4. Kapitel Lager in der Ebene und in durchschnittenem Gelände

Bei der Wahl Eures Lagers müßt Ihr zuerst darauf sehen, ein beherrschendes oder wenigstens nicht beherrschtes Gelände zu besetzen. Danach habt Ihr an die Anlehnung Eurer Flügel zu denken, sei es durch einen Wald, Morast, Bach, Fluß, Abgrund oder eine Anhöhe.

Habt Ihr einen Wald in der Flanke, so laßt Ihr darin einen starten Verhau anlegen, aber nicht aus planlos durcheinandergeworfenen Bäumen, sondern die Stämme müssen aufgeschichtet werden, derart, daß der Schaft Euch zugekehrt ist, der abgestutzte Wipfel aber dem Feinde entgegenstarrt.
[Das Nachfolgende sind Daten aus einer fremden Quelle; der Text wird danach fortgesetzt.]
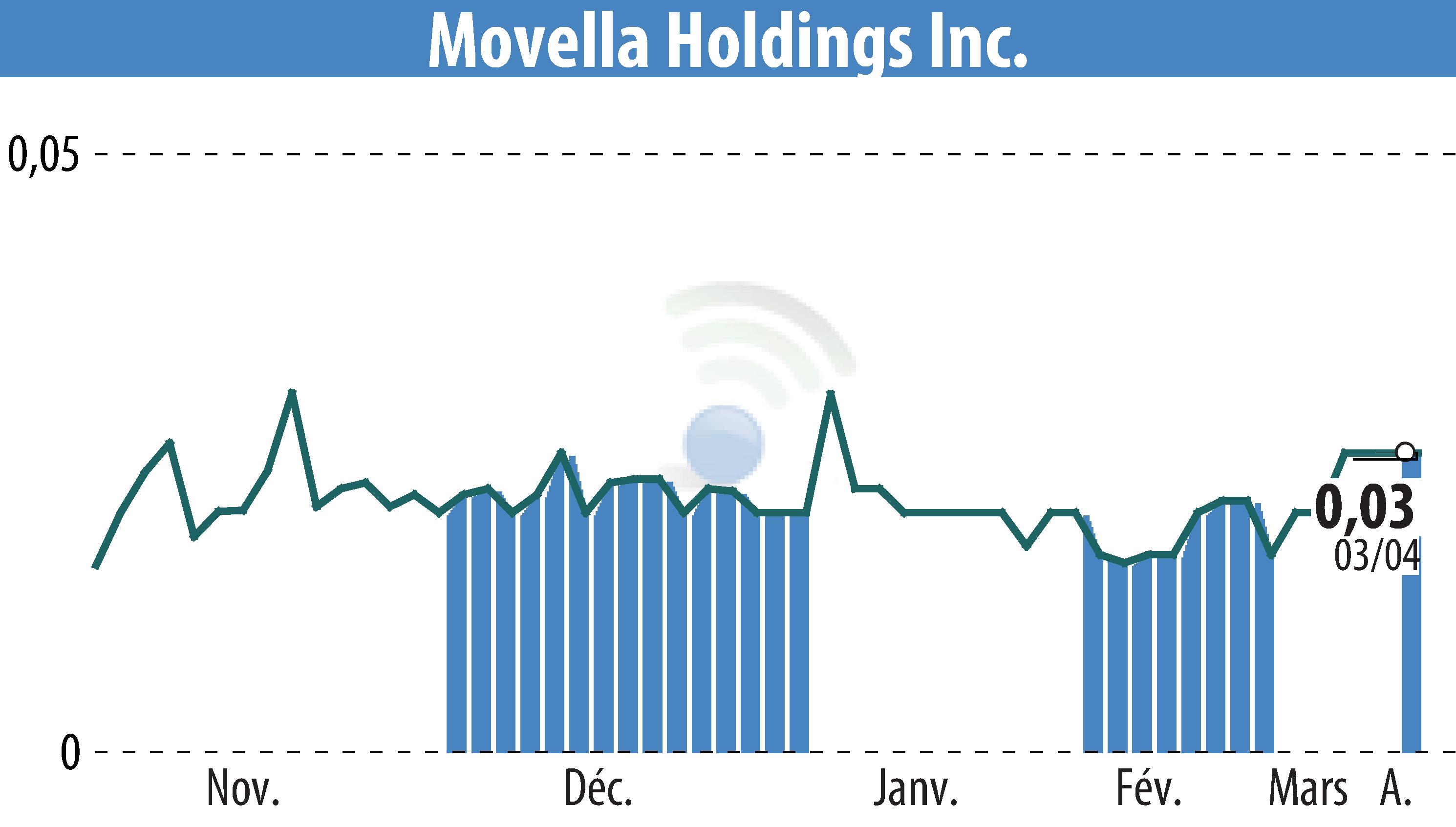 Stock price chart of Movella Holdings Inc. (EBR:MVLA) showing fluctuations.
Vor diesem kunstgerechten Verhau laßt Ihr bis auf 500 Schritt Entfernung alle Bäume fällen, damit vor Eurer Flanke alles licht ist und der Feind sich nicht in dem Gehölz verstecken kann, um Euch auf 200 bis 300 Schritt mit Infanteriefeuer zu beschießen.

Befindet sich in Eurer Flanke ein Morast, so laßt ihn genau untersuchen, ob er auch wirklich unpassierbar ist. Dann könnt Ihr Euch daran anlehnen. Traut aber nie dem bloßen Augenschein.

Lehnt sich Eure Flanke an eine Anhöhe, so befestigt sie mit einigen durch eine Wallinie verbundene Schanzen, die aber sorgfältig angelegt und mit breitem und tiefem Graben versehen sein müssen. Legt darin starte Batterien an, die stets Flankenfeuer abgeben können. Erlaubt es das Gelände, so verstärkt die Stellung durch eine dahinter angelegte Redoute, die sie unterstützen kann, falls der Feind sie durchbricht. Die Redoute ist dann wie ein Ravelin, das den gedeckten Weg verteidigt.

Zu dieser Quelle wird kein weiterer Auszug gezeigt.